» How to complete this task
Copy the data exactly. Images are to be left out.

» Data for this exercise
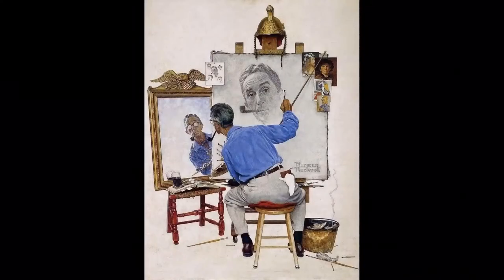Everybody is gonna make some art today that tells a story. It can be a story about something that happened to you — it does not have to be — but it should be a story that can happen in real life. This is a self-portrait, or really three self-portraits, of the artist Norman Rockwell, an American artist. We're gonna look at a lot of his paintings in this lesson and talk about how they all tell different stories.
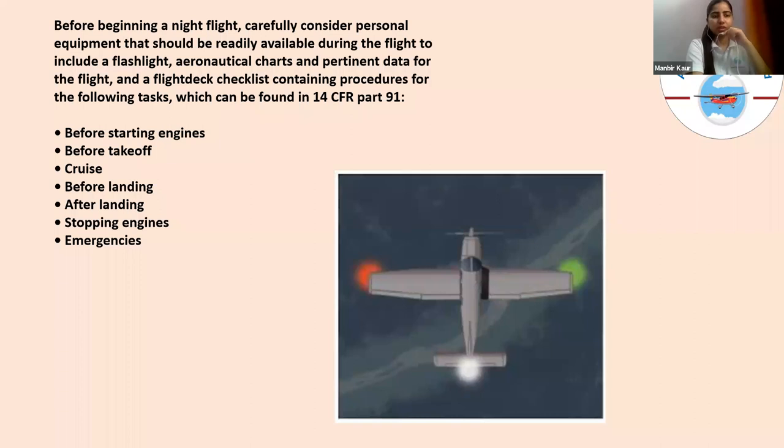First, we will talk about some basics. Before beginning a night flight, carefully consider personal equipment that should be readily available during the flight, to include a flashlight, aeronautical charts, and pertinent data for the flight. A flight deck checklist containing procedures for all tasks can be found in 14 CFR Part 91. Basic procedures include: before starting engines, before takeoff, cruise, before landing, after landing, stopping engines, and emergencies.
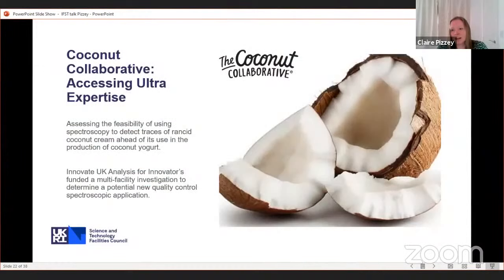One example involved collaboration with the Coconut Collaborative, the UK's biggest producer of coconut-based yogurt. They were unable to detect rancidity at an early enough stage in their raw materials, leading to wastage in production. They worked with the Central Laser Facility to develop a new system for detecting rancidity earlier, allowing them to reject unsuitable materials and improve shelf life and processing. They estimate it saved them about half a million pounds — making it a very good system for quality control in manufacturing.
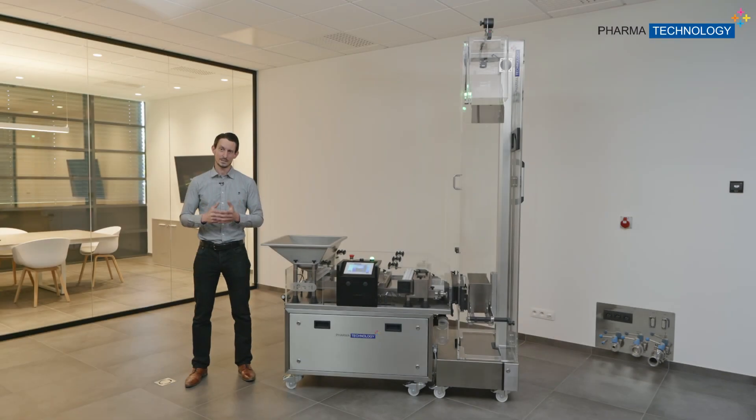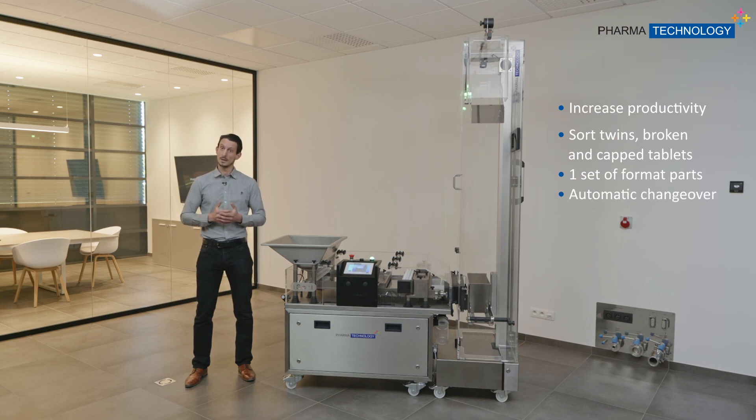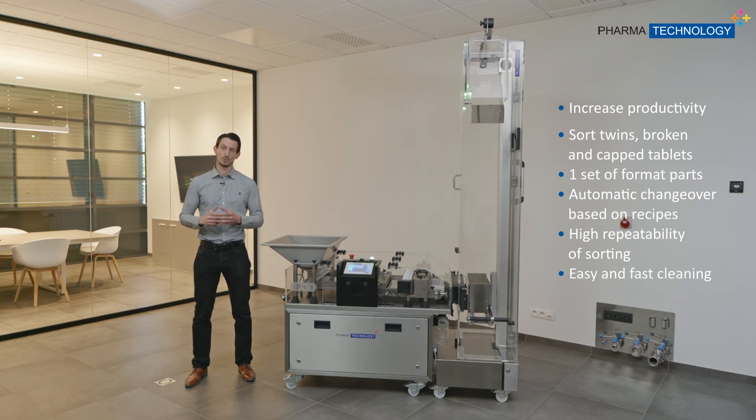The main key benefit of this machine is to improve general productivity in your line. We do that by sorting three different kinds of tablets you don't want: twin tablets, broken tablets, and capped tablets. We also have just one set of format parts, an automated recipe system, very high repeatability of sorting, and it's very easy and fast to clean.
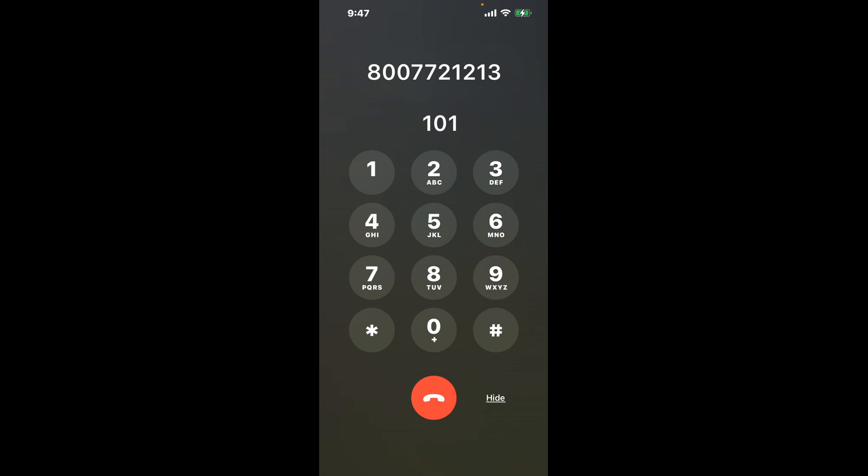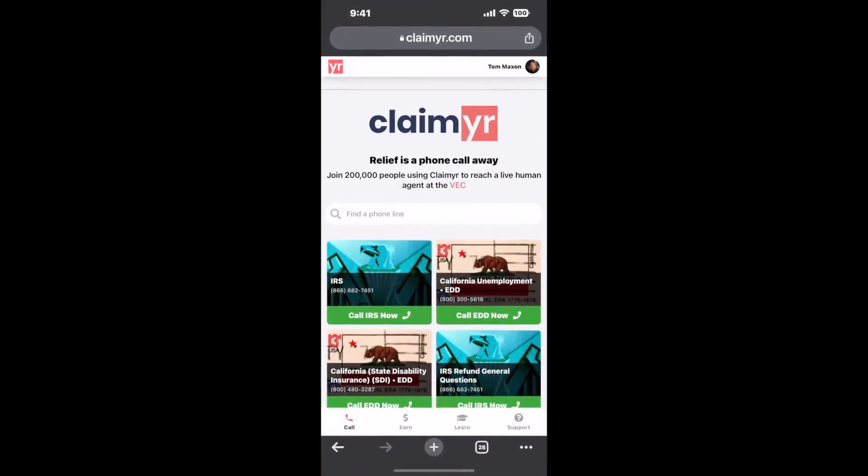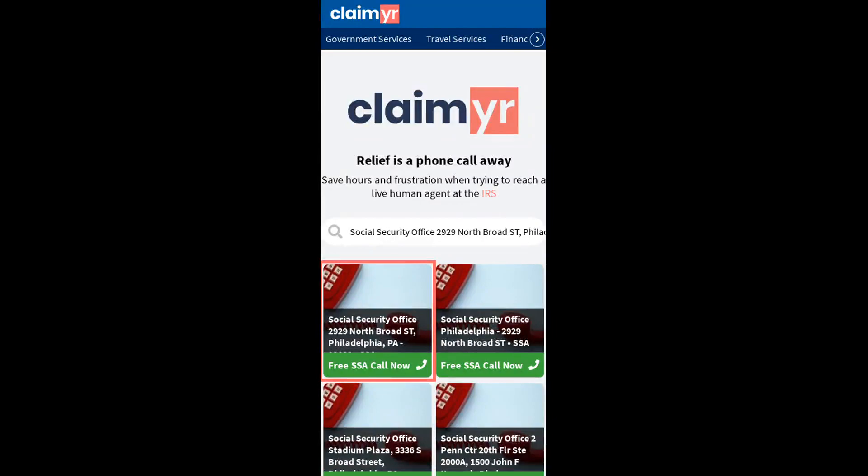The next method is the better way to reach a live person at Social Security Office, 2929 North Broad Street, Philadelphia, Pennsylvania. I built a calling tool. To use it, open up your browser, go to claimer.com, and search for the Social Security Office, 2929 North Broad ST, Philadelphia, PA 19132 option.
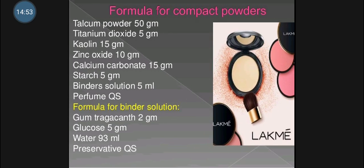The formula for compact powder includes talcum powder, titanium dioxide, kaolin, zinc oxide, calcium carbonate, starch, binders, and perfumes in quantity sufficient. The binder solution formula contains gum tragacanth, glucose, water, and preservative.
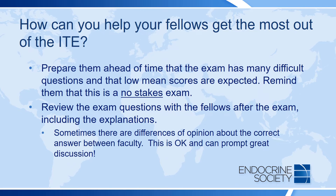So, how can you help your fellows get the most out of the ITE? We recommend you prepare your fellows ahead of time that the exam has difficult questions and that low mean scores are expected. This does not mean that your fellows are not doing well. Remind your fellows that this is a no-stakes exam with many opportunities for learning new material, as well as for demonstrating the great knowledge they already have.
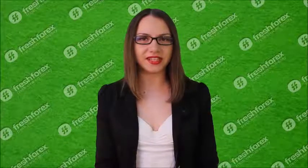Hello, dear traders, this is Katherine Mayne from FreshForex Company. Glad to see you right behind the monitor. Let's start!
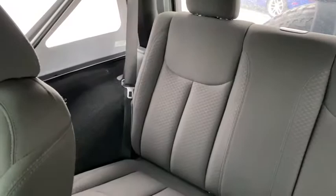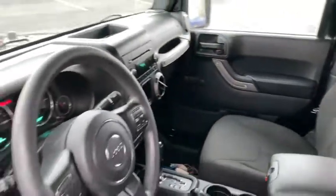This vehicle has less than 70,000 miles. Here are some of this vehicle's great options.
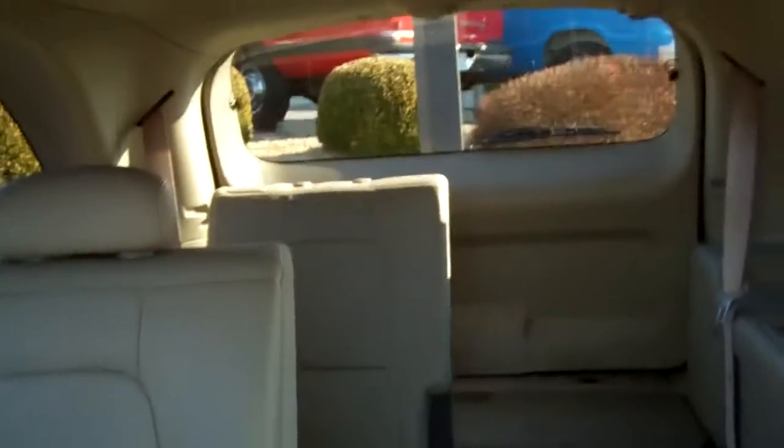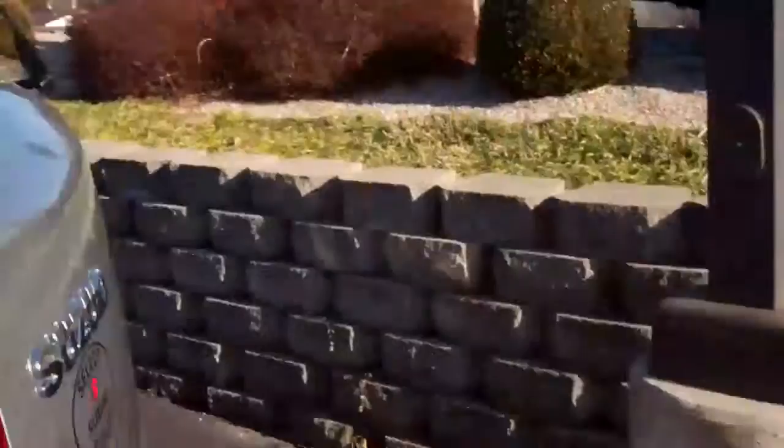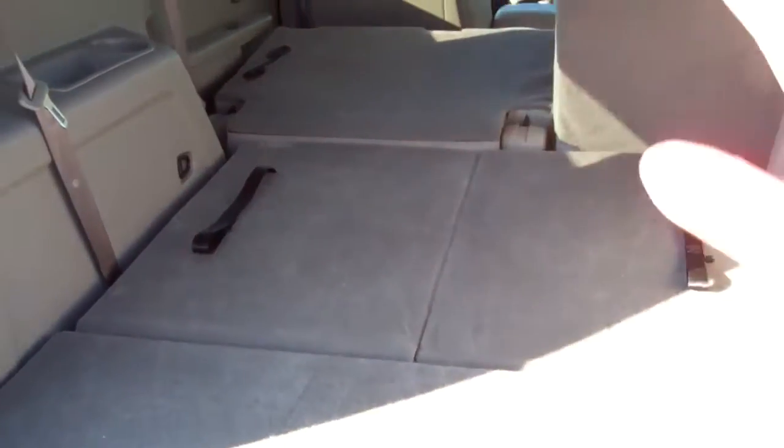It does have the third row so it accommodates seven-passenger seating. I'll show you that real quick. These seats fold flat down and you've got a flat plane the whole way back, and they just come right back up. It's really convenient.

» Task answer
Everybody is gonna make some art today that tells a story. It can be a story about something that happened to you — it does not have to be — but it should be a story that can happen in real life. This is a self-portrait, or really three self-portraits, of the artist Norman Rockwell, an American artist. We're gonna look at a lot of his paintings in this lesson and talk about how they all tell different stories.
First, we will talk about some basics. Before beginning a night flight, carefully consider personal equipment that should be readily available during the flight, to include a flashlight, aeronautical charts, and pertinent data for the flight. A flight deck checklist containing procedures for all tasks can be found in 14 CFR Part 91. Basic procedures include: before starting engines, before takeoff, cruise, before landing, after landing, stopping engines, and emergencies.
One example involved collaboration with the Coconut Collaborative, the UK's biggest producer of coconut-based yogurt. They were unable to detect rancidity at an early enough stage in their raw materials, leading to wastage in production. They worked with the Central Laser Facility to develop a new system for detecting rancidity earlier, allowing them to reject unsuitable materials and improve shelf life and processing. They estimate it saved them about half a million pounds — making it a very good system for quality control in manufacturing.
The main key benefit of this machine is to improve general productivity in your line. We do that by sorting three different kinds of tablets you don't want: twin tablets, broken tablets, and capped tablets. We also have just one set of format parts, an automated recipe system, very high repeatability of sorting, and it's very easy and fast to clean.
The next method is the better way to reach a live person at Social Security Office, 2929 North Broad Street, Philadelphia, Pennsylvania. I built a calling tool. To use it, open up your browser, go to claimer.com, and search for the Social Security Office, 2929 North Broad ST, Philadelphia, PA 19132 option.
The formula for compact powder includes talcum powder, titanium dioxide, kaolin, zinc oxide, calcium carbonate, starch, binders, and perfumes in quantity sufficient. The binder solution formula contains gum tragacanth, glucose, water, and preservative.
So, how can you help your fellows get the most out of the ITE? We recommend you prepare your fellows ahead of time that the exam has difficult questions and that low mean scores are expected. This does not mean that your fellows are not doing well. Remind your fellows that this is a no-stakes exam with many opportunities for learning new material, as well as for demonstrating the great knowledge they already have.
Hello, dear traders, this is Katherine Mayne from FreshForex Company. Glad to see you right behind the monitor. Let's start!
This vehicle has less than 70,000 miles. Here are some of this vehicle's great options.
It does have the third row so it accommodates seven-passenger seating. I'll show you that real quick. These seats fold flat down and you've got a flat plane the whole way back, and they just come right back up. It's really convenient.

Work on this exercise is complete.